Florida Bankruptcy Court Orders Creditor to Compensate Debtor

The Florida Bankruptcy Court recently came down hard on Bank of America after it ignored a Florida debtor’s discharge and continued to call the debtor thirty-eight times trying to collect on debts. The court ordered the bank to pay the debtor for emotional distress and attorney’s fees. A debtor’s discharge is a legal action intended to protect a debtor. Following a discharge, collection agencies are not allowed to send letters or make phone calls asking for payment. This gives debtors time to collect their finances without harassing phone calls and other communications. Creditors can file an objection to the debtor’s discharge. All creditors get notice of the debtor’s filing and a deadline to object. The court will not always grant a debtor’s discharge if the debtor concealed assets or has not fulfilled the necessary discharge requirements such as taking classes on personal financial management.

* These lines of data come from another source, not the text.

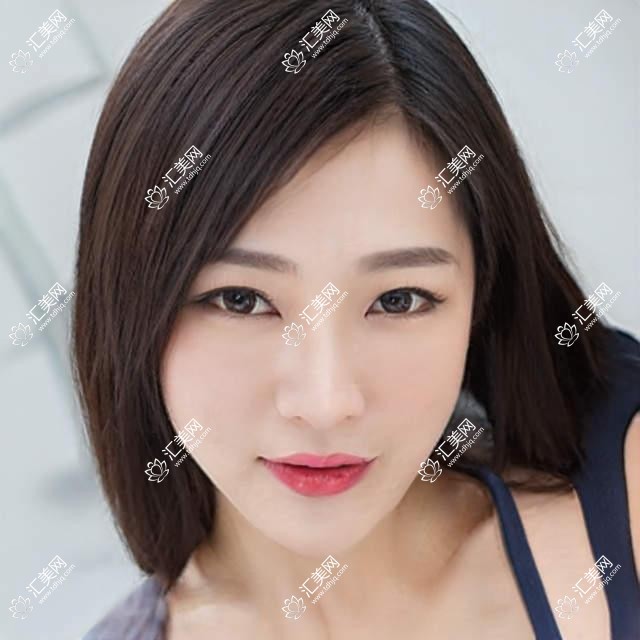 兰州价格表2025:E光美白价格3158元,激光美白2k元起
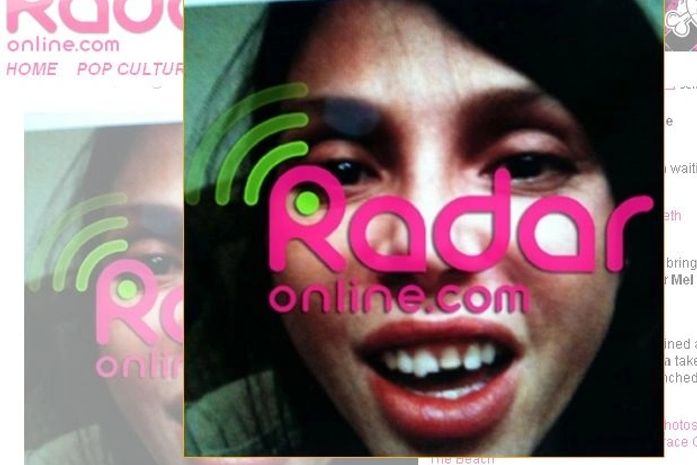 Divulgada foto do rosto da ex de Mel Gibson após agressão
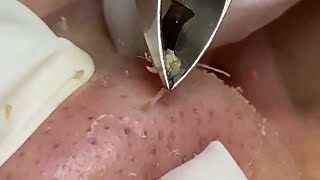 Tweezer Triumph Massive Nose Blackhead Removal [upl. by Inaluahek]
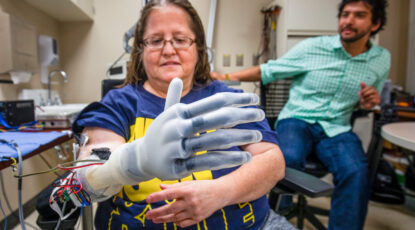 Karen Sussex, an upper-limb amputee from Jackson, Mich., operates a Touch Bionics I-LIMB prosthetic hand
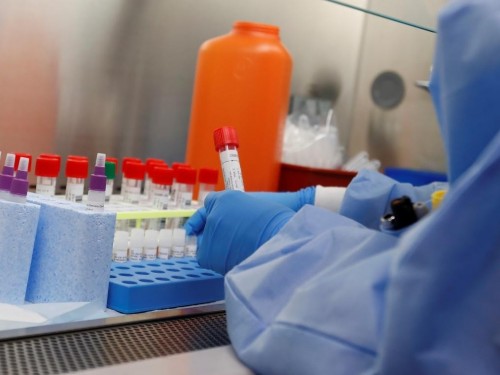 Túrkistan oblysy: Koronavırýs juqtyrǵan adammen birge kelgen 10 jolaýshy izdestirilip jatyr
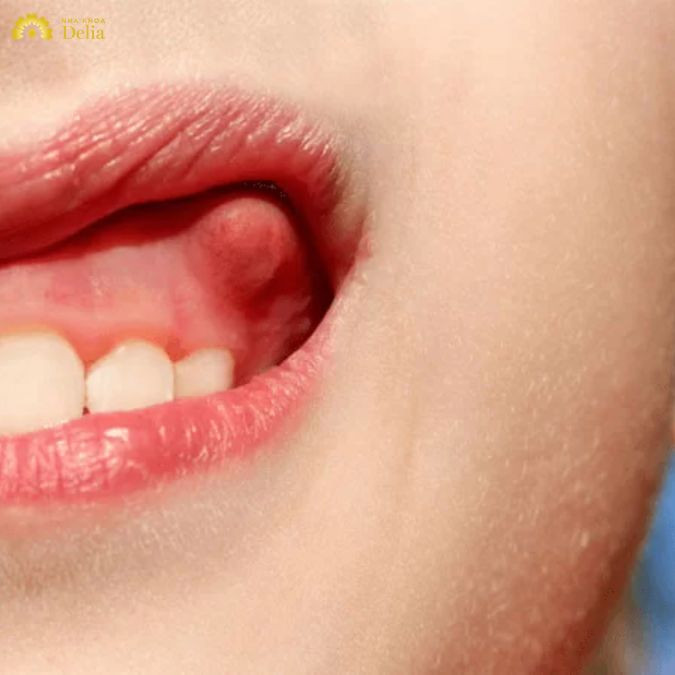 Chia sẻ phác đồ điều trị áp xe răng tại nha khoa Delia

Not all debts are dischargeable in a Florida bankruptcy petition. The most common non-dischargeable debts are those for child or spousal support or willful injuries to another person or their property. Student loan debts are also usually not dischargeable, but sometimes a knowledgeable Orlando student loan help attorney can help. Collection Agencies May Not Know of Discharge Bank of America has ignored debtor discharges in the past. The Bank will give the debtor’s information to outside collection agencies even though the debtors have a discharge. One court ruled that Bank of America took “clearly inadequate” steps in order to determine if a debtor had a discharge. Another woman spent three years working with Bank of America after they had sold her account to a collection agency. The woman...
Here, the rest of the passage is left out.